Collateral pathway treatment using agent entrained by aspiration flow current

USPTO Application #: 20070186932
Title: Collateral pathway treatment using agent entrained by aspiration flow current
Abstract: A method and system for increasing the flow resistance of pathways in the lung by employing aspiration to establish an artificial convective flow current between compartments in the lung in order to entrain and deliver a clogging agent preferentially to the pathways. This treatment is performed after an area has been properly diagnosed for treatment.
(end of abstract)
Agent: Townsend And Townsend And Crew, LLP - San Francisco, CA, US
Inventors: Anthony Wondka, Peter Soltesz
USPTO Applicaton #: 20070186932 - Class: 128207150 (USPTO)

Related Patent Categories: Surgery, Respiratory Method Or Device, Respiratory Gas Supply Means Enters Mouth Or Tracheotomy Incision, Breathing Passage Occluder
The Patent Description & Claims data below is from USPTO Patent Application 20070186932.
Brief Patent Description - Full Patent Description - Patent Application Claims  monitor keywords

CROSS-REFERENCES TO RELATED APPLICATIONS

[0001] The present application claims the benefit of provisional U.S. Application No. 60/756,732 (Attorney Docket No. 017534-003300US), filed Jan. 6, 2006, the full disclosure of which is incorporated herein by reference.
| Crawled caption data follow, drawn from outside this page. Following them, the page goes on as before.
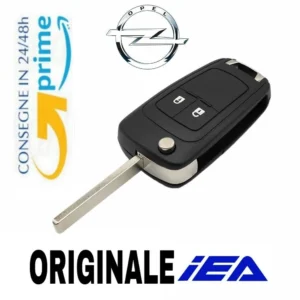 guscio opel originale iea 2 tasti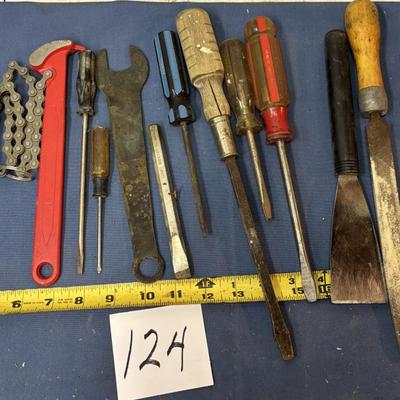 Tool Lot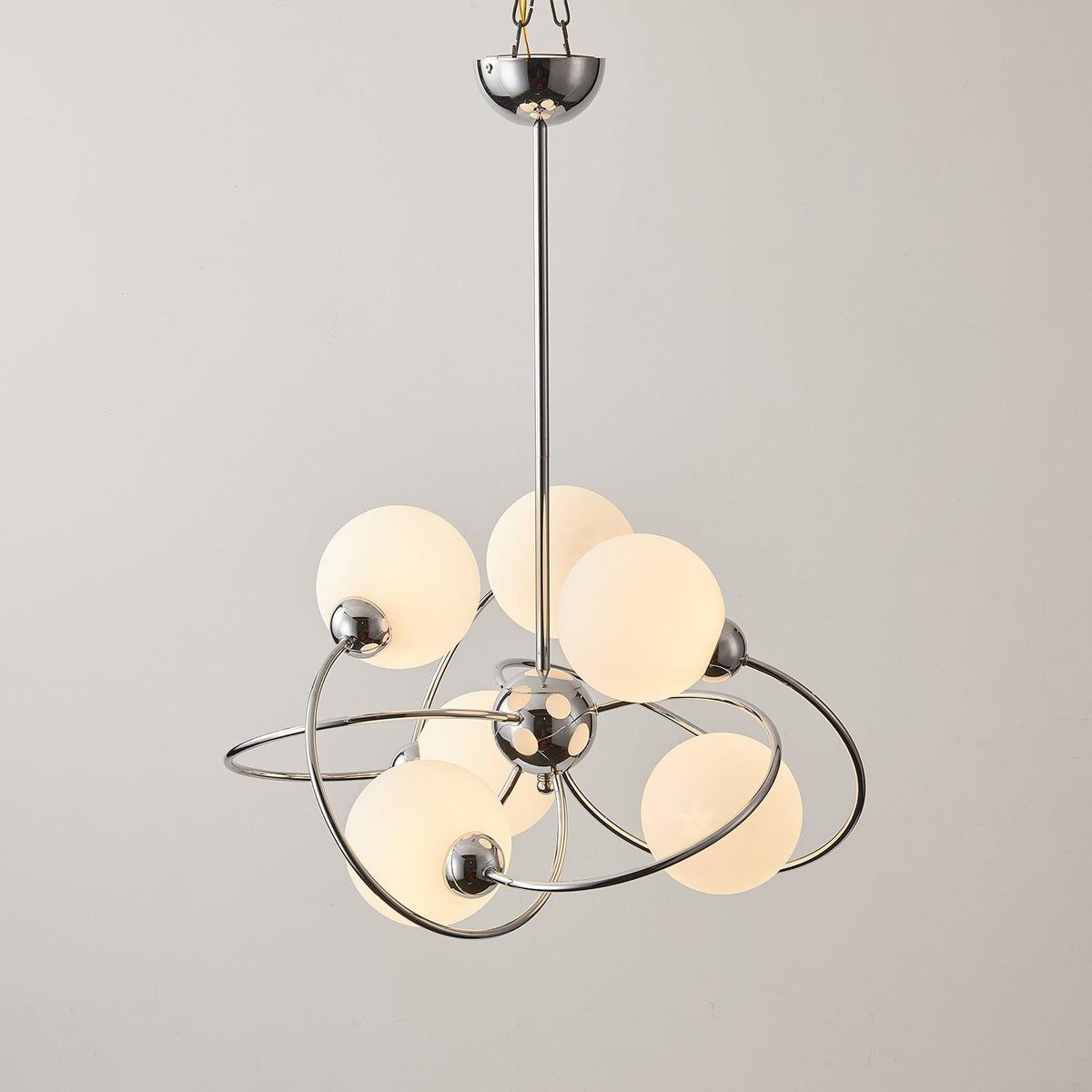 Maru Chandelier 22.8"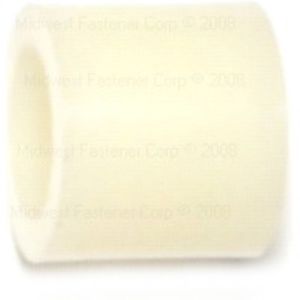 Midwest Fastener 3/8 in. x 9/16 in. x 1/2 in. Nylon Spacerimage
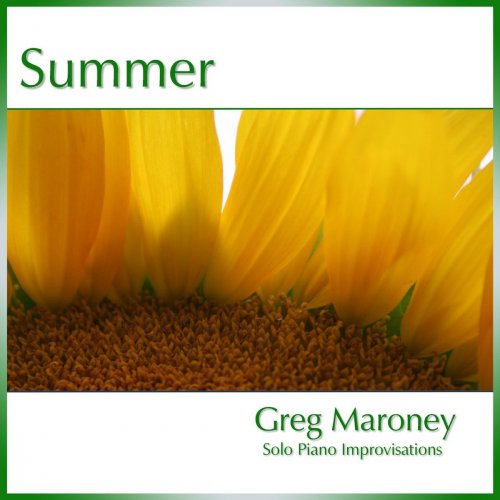 Greg Maroney - Summer (2018)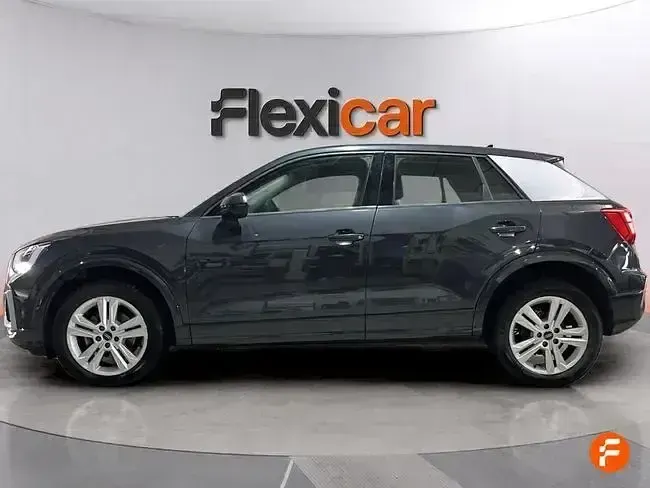 Occasion Audi Q2 Advanced Plus 116 PK (85 kW) 2022 Zwart SUV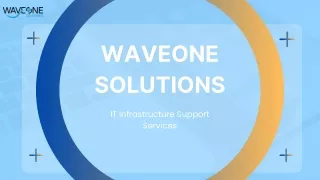 Best IT Solution For Remote Working Employees!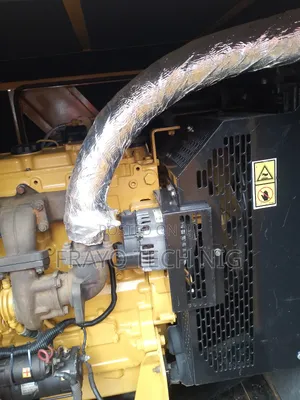 65kva Mantrac Cat Generator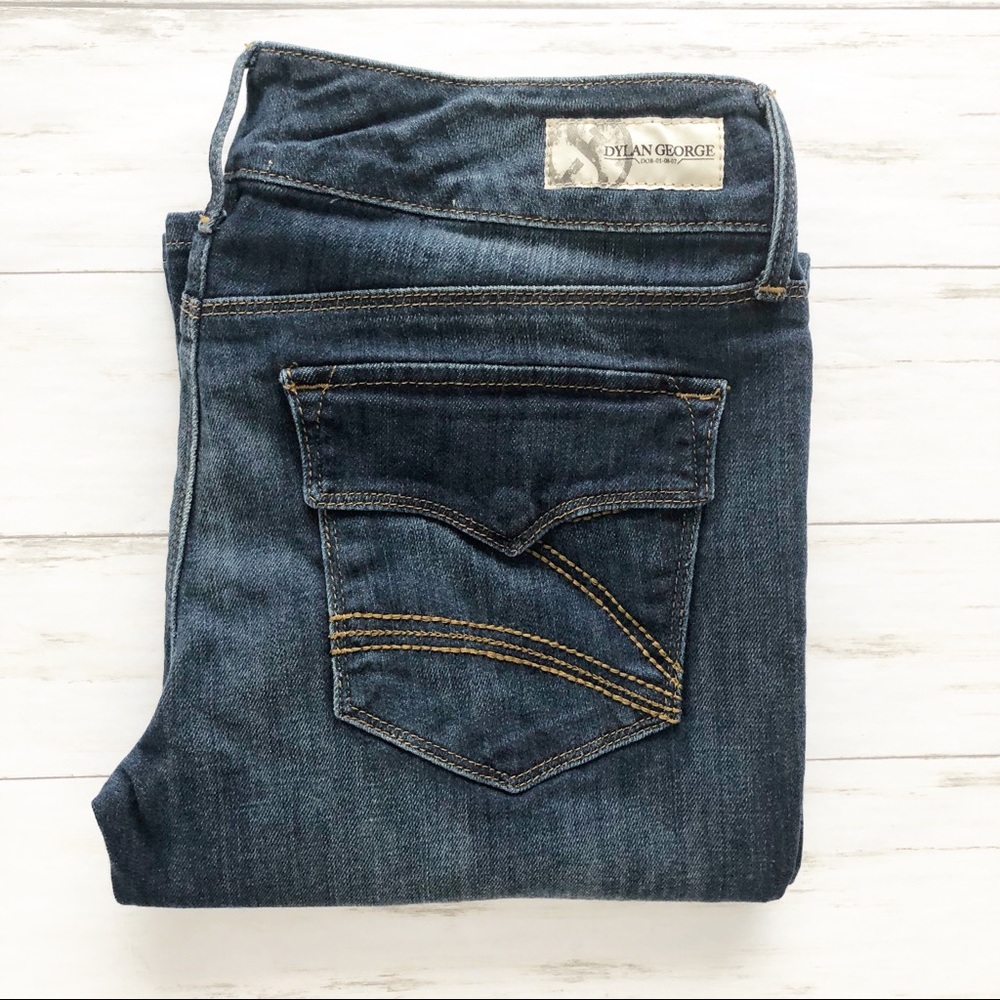 Dylan George Elizabeth Bootcut SZ 30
BACKGROUND OF THE INVENTION

[0002] The subject invention relates to performing catheter-based diagnostic or therapeutic procedures within the lung. In particular, the invention relates to closing or partially closing intercommunicating channels within the lung in order to prevent a target lung compartment from receiving collateral ventilation through such intercommunicating secondary channels.
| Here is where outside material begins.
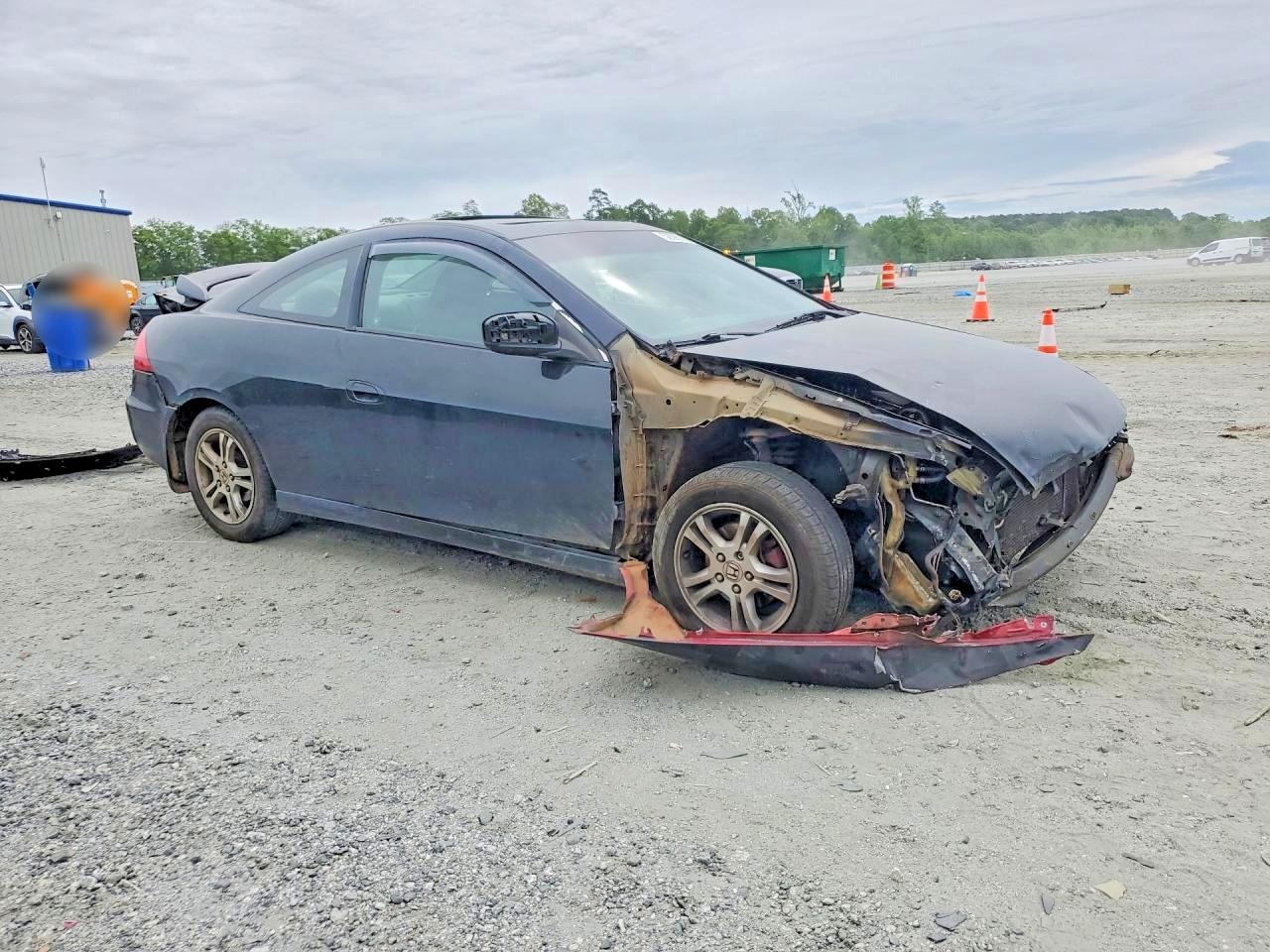Honda Accord Ex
[0003] The lung consists of a left lung and right lung having two and three lobes respectively (FIG. 1). Air is delivered into and out of the lobes of the lungs through a bronchial system comprising tubular airways starting with the trachea which divides and subdivides until the airways reach the periphery of the lobes terminating in long lobules which contain the alveoli. In a normal lung, the tissue of each lobe is physically separated from that of other lobes, the separation being referred to as a fissure. This fissure prevents the passage of air between neighboring lobes. However, for reasons not fully understood, the fissures separating the lobes are sometimes absent allowing the collateral flow of air between neighboring lobes. At the periphery of a given lobe within the lung, there exist channels or pores that interconnect alveoli or terminal bronchioles from one bronchial tree branch to the alveoli or terminal bronchioles belonging to the neighboring bronchial tree branch.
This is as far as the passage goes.